The Pirates are desperately in need of offense to support an excellent young pitching staff. General manager Ben Cherington said yesterday that the front office has “more flexibility than they’ve had in [any] other offseasons” since he was hired going into the 2020 season. That might enable them to make multiple additions from the middle tiers of free agency.
Mark Feinsand of MLB.com reports that the Bucs could commit between $30-40MM to their 2026 payroll. That’s at the higher end of what they’ve spent in previous offseasons. They spent narrowly above $30MM in free agency going into the 2023 and ’24 campaigns. That dropped to roughly $20MM last winter. They haven’t signed a multi-year free agent contract in nearly a decade. Their $10.5MM signing of Aroldis Chapman over the 2023-24 offseason is the only eight-figure free agent deal of the Cherington era.

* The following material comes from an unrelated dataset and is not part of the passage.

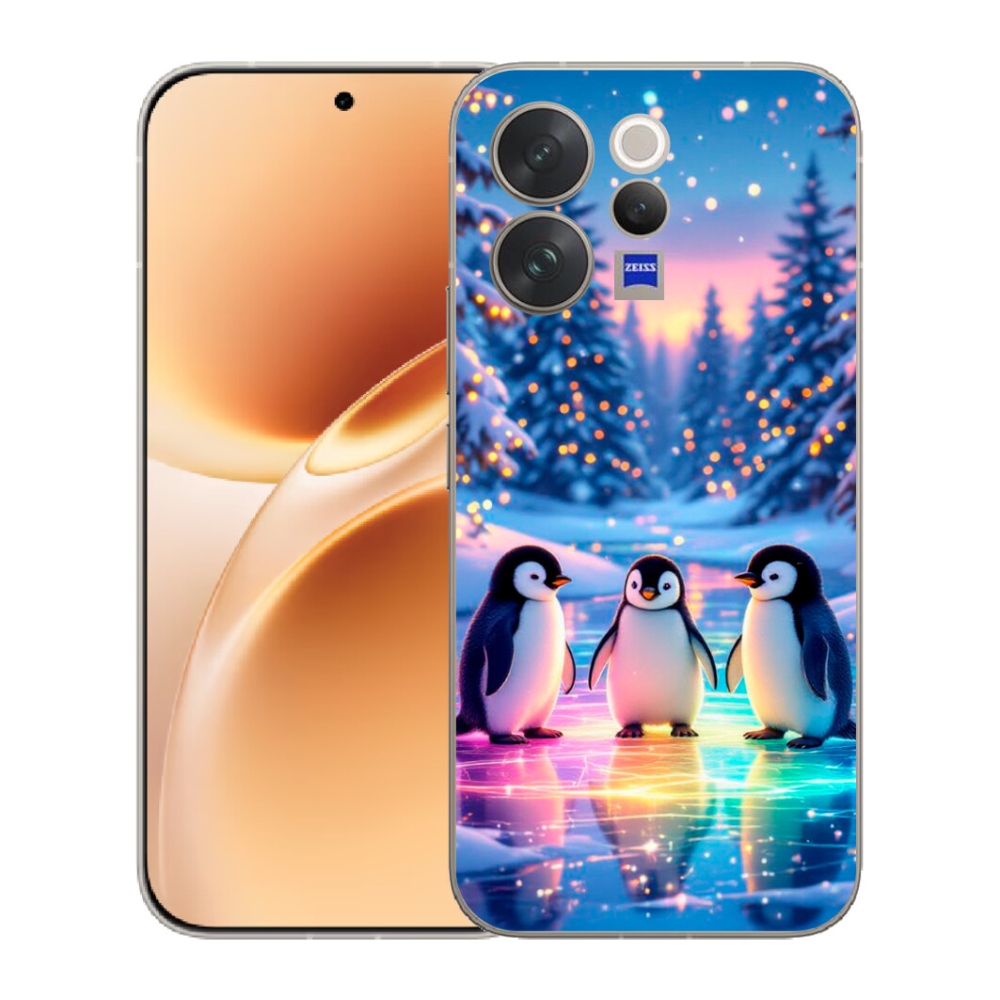 Gelový kryt mmCase na Vivo V70 - tučnáci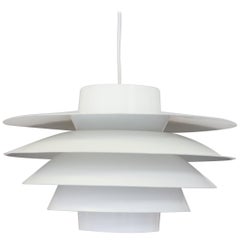 Sven Middelboe Verona Pendant White, 1960s, Denmark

Pittsburgh offloaded the remaining four years and $36MM on the Ke’Bryan Hayes contract in their deadline trade with Cincinnati. Dealing David Bednar to the Yankees subtracted an arbitration salary that MLBTR contributor Matt Swartz projects at $9MM. The Bucs have $30.5MM committed to Mitch Keller and Bryan Reynolds next season. They’re likely to spend somewhere between $12-15MM on their arbitration class. They opened this past season with a player payroll around $88MM, so it makes sense that they could add something like $30-40MM. That’d put them a little shy of this past season’s level before accounting for $10-15MM in minimum salary players to round out the roster.

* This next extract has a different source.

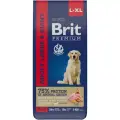 Корм сухой Brit Premium Dog Adult Large and Giant для взрослых собак крупных и гигантских пород с курицей 15 кг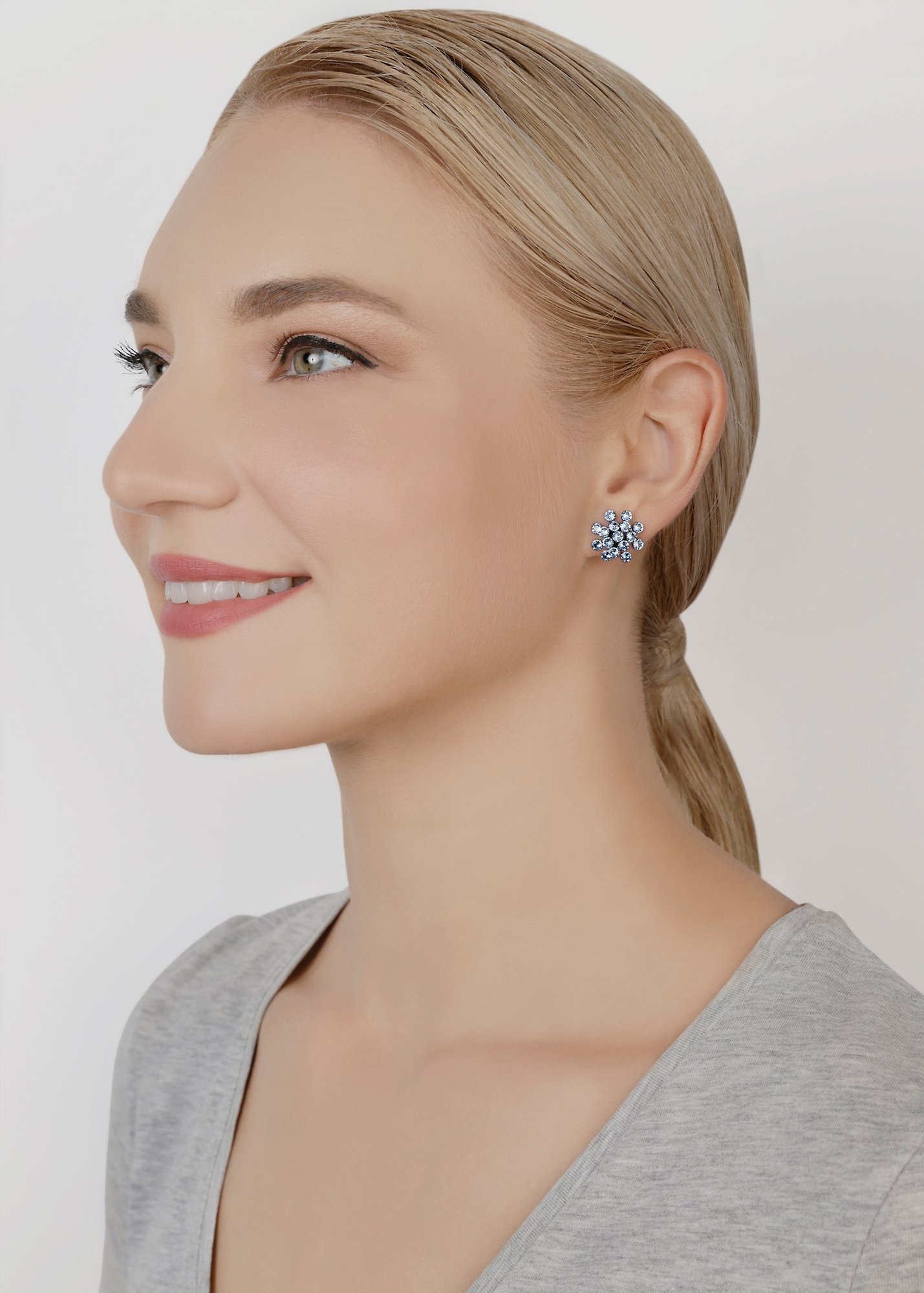 image for Earring Stud Magic Fireball Blue  mini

The bigger factor may be whether the Pirates more aggressively pursue free agents on multi-year deals. Cherington told MLBTR’s Darragh McDonald in August that the Bucs have made multi-year offers over the years, but none have been accepted. They haven’t signed a free agent who rejected a qualifying offer since Francisco Liriano in 2014.
It’d register as a surprise if they break that trend for Gleyber Torres or Trent Grisham, though they theoretically have the payroll space to accommodate a three- or four-year deal for one of those players if they wanted to focus most of their resources into one acquisition. Ha-Seong Kim, Luis Arraez, Ryan O’Hearn and Harrison Bader are borderline two- or three-year deal candidates — none of whom was tagged with the QO. Mike Yastrzemski, Cedric Mullins and Max Kepler could sign one-year deals that are towards the higher end of what Pittsburgh has spent in prior offseasons.

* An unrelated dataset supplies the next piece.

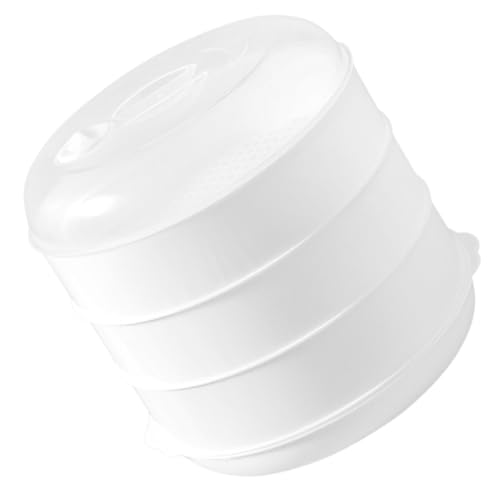 Mikrowellen-Dampfgarer mit 3 Ebenen – Kochtopf, schnelles und gesundes Dampfgargerät, effiziente Mikrowellenherd für, Meeresfrüchte, Fleisch, Reis, hausgemachte Kocher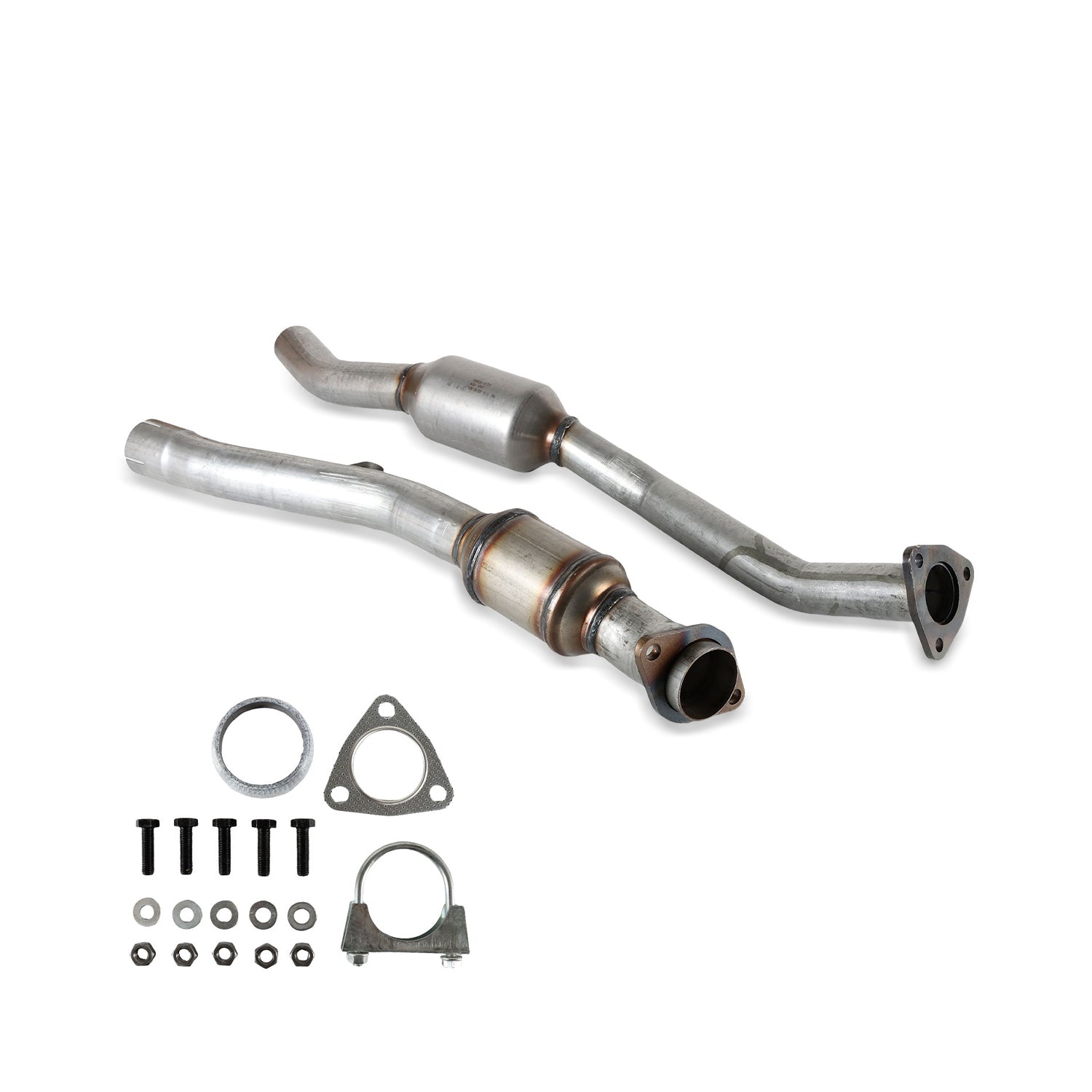 FIWARY 2pcs catalytic converter 2009-2010 Subaru Impreza Outback Legacy Forester 2.5L Rear 55585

It’s also possible the Bucs leverage their starting pitching on the trade market. Dealing Keller would knock another $16.5MM off the books while probably bringing back a mid-tier hitter or two. They could swap Mike Burrows or Thomas Harrington for a similarly controllable bat who has shown some promise. Cherington and his group can look at virtually every position for offensive help. Spencer Horwitz is set for the lion’s share of playing time at first base. Oneil Cruz will be somewhere in the outfield, probably center, while Reynolds is locked into right field. There’s virtually nothing else set in stone, though top prospect Konnor Griffin certainly projects as the long-term answer at shortstop.